Through a House Darkly
Atmospheric and moody, Alfred Hitchcock’s Rebecca is a masterpiece of style and substance, an extended meditation on how the dead haunt the living. Photographed in somber shadows, few movies before or since have taken such glorious advantage of black-and-white film.
She (Joan Fontaine) meets the enigmatic and temperamental Maxim DeWinter (Laurence Olivier) in Monte Carlo, and on a whim marries him. We never learn her name: Maxim calls her “dear” or “darling,” and to others she is simply Mrs. DeWinter — or, to distinguish her from Rebecca, her husband’s first wife, the second Mrs. DeWinter. He takes her home to foggy, rainy Cornwall, where he owns Manderley, a rambling country manor house that’s as much as a character in the film as any of its human inhabitants.

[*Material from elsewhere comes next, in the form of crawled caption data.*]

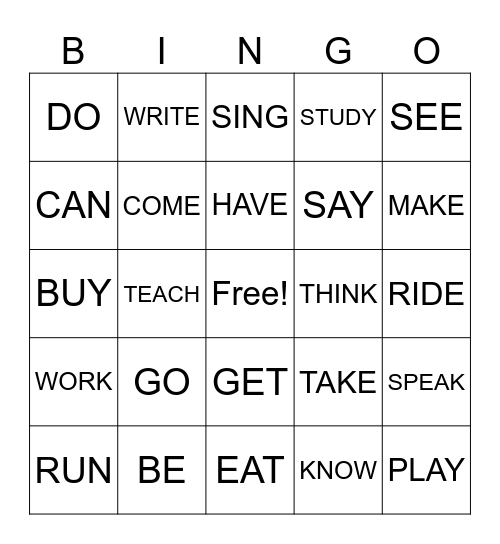 VERB TENSES Bingo Card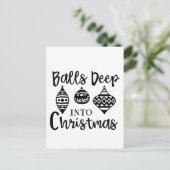 クリスマス深いへのボールおもしろいクリスマス インビテーションポストカード (スタンド正面)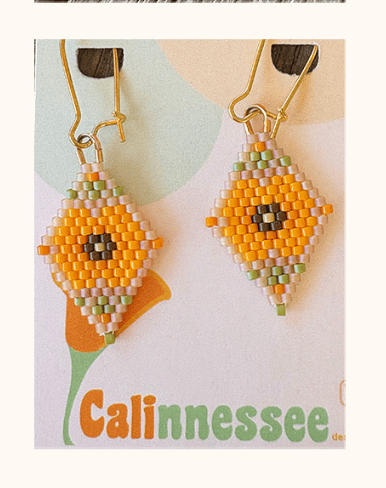 Calinnessee Designs Small Poppy Beaded Earrings | Orange available in Joshua Tree at JT Trading Post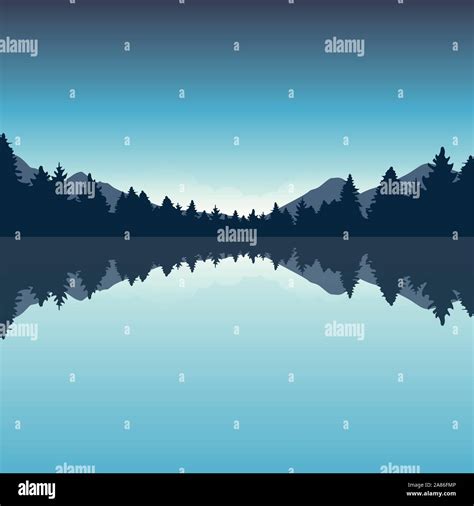 Beautiful Lake And Blue Pine Forest Nature Landscape Vector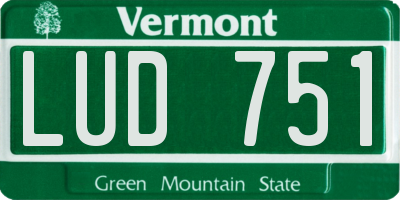 VT license plate LUD751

A meek little mouse, “dull and gauche and inexperienced,” as she terms herself, she is awkward and uncomfortable in the big house with its army of servants. Worse, the ghost of Rebecca is everywhere — not an actual spirit, but reminders of the first Mrs. DeWinter. Her initials are emblazoned on napkins, handkerchiefs, stationery. Her grieving dog Jasper sits outside Rebecca’s bedroom in the mysterious and off-limits west wing. “She knew everyone that mattered, and everyone loved her,” says Mrs. Danvers, the creepy housemaid who came to Manderley when Rebecca was a new bride, who is trying desperately to make the second Mrs. DeWinter feel unwanted. Her husband, whom she barely knows, seems to be withdrawing from her, avoiding her. The new Mrs. DeWinter grows nervous and suspicious: Did he have something to do with his first wife’s untimely death?
In true Hitchcock style (the movie is based on Daphne Du Maurier’s novel, but Hitch knew how to pick ’em), Rebecca twists and twists again, creating a haunting and memorable film.
Oscars Outstanding Production 1940
unforgettable movie moment:
Maxim finally speaks of Rebecca’s life and death to his new wife.